Rengan was a former analyst and portfolio manager for Galleon Group. Galleon, which operated a family of hedge funds, was founded and headed by Raj Rajaratnam (Raj), Rengan’s older brother. Raj, who was convicted of insider trading conspiracy and securities fraud in 2011 and is currently serving an 11-year prison sentence, was a superstar in the hedge fund industry prior to his 2009 arrest.
Rengan’s indictment alleged that Rengan and Raj, along with others, participated in a 2008 conspiracy to defraud by obtaining, sharing and disclosing inside information belonging to publicly traded companies and trading on this information. The indictment further alleged that Rengan used this information to purchase shares in Clearwater Corporation after learning that Intel was planning to invest $1 billion in the company, and that Raj purchased shares of Advance Micro Devices Inc. on behalf of Rengan based on a tip about a multibillion-dollar transaction. While the original indictment alleged seven charges, prosecutors dropped four of those seven in May 2014. Then, in the middle of the trial, US District Judge Naomi Reice Buchwald dismissed two more charges after ruling that the government failed to present sufficient evidence to prove them beyond a reasonable doubt. After this, the jury was left with only one charge to consider.

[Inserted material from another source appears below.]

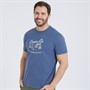 Crew Clothing Mens Graphic T-Shirt Vintage Indigo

As part of its case, the government was required to prove that Rengan knew about the benefits the two tippers received from Raj in exchange for their inside information. During the trial, however, the two insider tippers testified that they admittedly should not have tipped Raj, but emphasized that they never told Rengan that Raj had given them money and other personal benefits in exchange for inside information. Consequently, a federal jury acquitted Rengan on the only charge remaining. The acquittal ended Manhattan US Attorney Preet Bharara’s perfect record in stock-tipping cases.
USA v. Rajaratnam, No. 1:13-cr-00211 (S.D.N.Y. Jul. 8, 2014).